Since we are only interested in the loadings and any result we return needs to be a data.frame to turn it into a database row set (table result), we build the model, transform the loadings object into a data.frame, and return the data.frame as the function result. We then view the class of the result and its values.

Since we do this from the R API, we can simply print res to display the returned data.frame, as the print does an implicit ore.pull.

returnLoadings <- function(dat) {

mod <- princomp(dat, cor=TRUE)

dd <- dim(mod$loadings)

ldgs <- as.data.frame(mod$loadings[1:dd[1],1:dd[2]])

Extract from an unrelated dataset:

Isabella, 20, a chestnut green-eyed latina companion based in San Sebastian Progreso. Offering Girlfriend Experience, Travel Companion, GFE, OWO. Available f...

ldgs$variables <- row.names(ldgs)

ldgs

}

res <- ore.tableApply(dat, returnLoadings)

class(res)

res

ore.create(USArrests,table="USARRESTS")

Results:

R> res <- ore.tableApply(dat, returnLoadings)

R> class(res)

[1] "ore.object"

attr(,"package")

[1] "OREembed"

R> res

Comp.1 Comp.2 Comp.3 Comp.4 variables

Murder -0.5358995 0.4181809 -0.3412327 0.64922780 Murder

Assault -0.5831836 0.1879856 -0.2681484 -0.74340748 Assault

UrbanPop -0.2781909 -0.8728062 -0.3780158 0.13387773 UrbanPop

Rape -0.5434321 -0.1673186 0.8177779 0.08902432 Rape**Step 4: Load script into the R Script Repository in the database**

We're at the point of being able to load the script into the R Script Repository before invoking it from SQL. We can create the function from R or from SQL. In R,

ore.scriptCreate('princomp.loadings', returnLoadings)

or from SQL,

begin

--sys.rqScriptDrop('princomp.loadings');

sys.rqScriptCreate('princomp.loadings',

'function(dat) {

mod <- princomp(dat, cor=TRUE)

dd <- dim(mod$loadings)

ldgs <- as.data.frame(mod$loadings[1:dd[1],1:dd[2]])

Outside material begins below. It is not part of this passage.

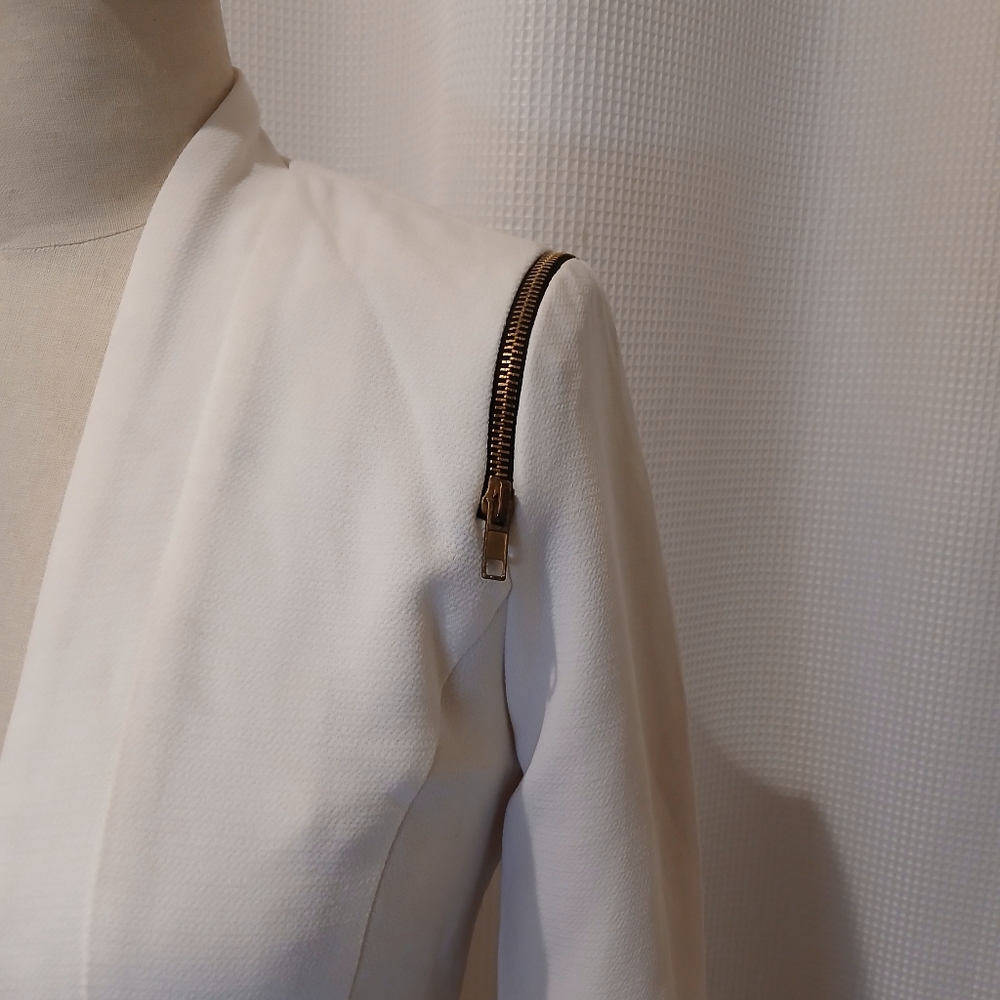 Mustard Seed White Open From Blazer with Zipper Detail Size Small - Picture 2 of 10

ldgs$variables <- row.names(ldgs)

ldgs

}');

end;

/**Step 5: invoke from SQL SELECT statement**

Finally, we're able to invoke the function from SQL using the rqTableEval table function. We pass in a cursor with the data from our USARRESTS table. We have no parameters, so the next argument is NULL. To get the results as a table, we specify a SELECT string that defines the structure of the result. Note that the column names must be identical to what is returned in the R data.frame. The last parameter is the name of the function we want to invoke from the R script repository.

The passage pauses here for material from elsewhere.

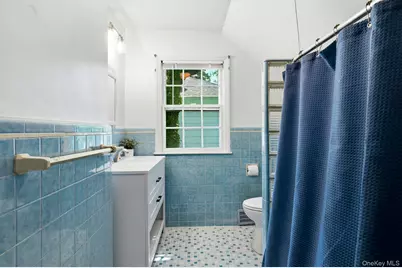 17 Monfort Road, Port Washington, NY 11050 - Photo 17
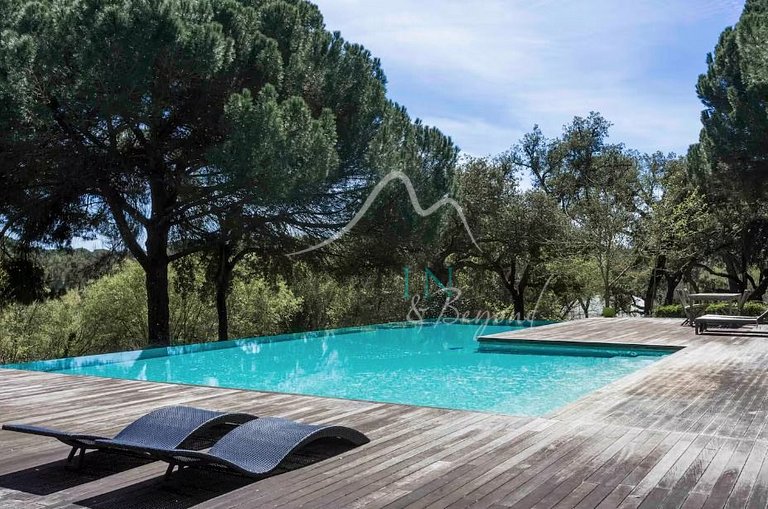 Propriedade Incrível com Duas Vilas em Comporta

Invoking this, we see the result as a table from the SELECT statement.

select *

from table(rqTableEval( cursor(select * from USARRESTS),

NULL,

'select 1 as "Comp.1", 1 as "Comp.2", 1 as "Comp.3", 1 as "Comp.4", cast(''a'' as varchar2(12)) "variables" from dual',

'princomp.loadings'));

Results:

SQL> select *

from table(rqTableEval( cursor(select * from USARRESTS),NULL,

'select 1 as "Comp.1", 1 as "Comp.2", 1 as "Comp.3", 1 as "Comp.4", cast(''a'' as varchar2(12)) "variables" from dual','princomp.loadings'));

2 3

Comp.1 Comp.2 Comp.3 Comp.4 variables

---------- ---------- ---------- ---------- ------------

-.53589947 .418180865 -.34123273 .649227804 Murder

-.58318363 .187985604 -.26814843 -.74340748 Assault

-.27819087 -.87280619 -.37801579 .133877731 UrbanPop

-.54343209 -.16731864 .817777908 .089024323 Rape

As you see above, we have the loadings result returned as a SQL table.

In this example, we walked through the steps of moving from invoking an R function to obtain a specific result to producing that same result from SQL by invoking an R script at the database server under the control of Oracle Database.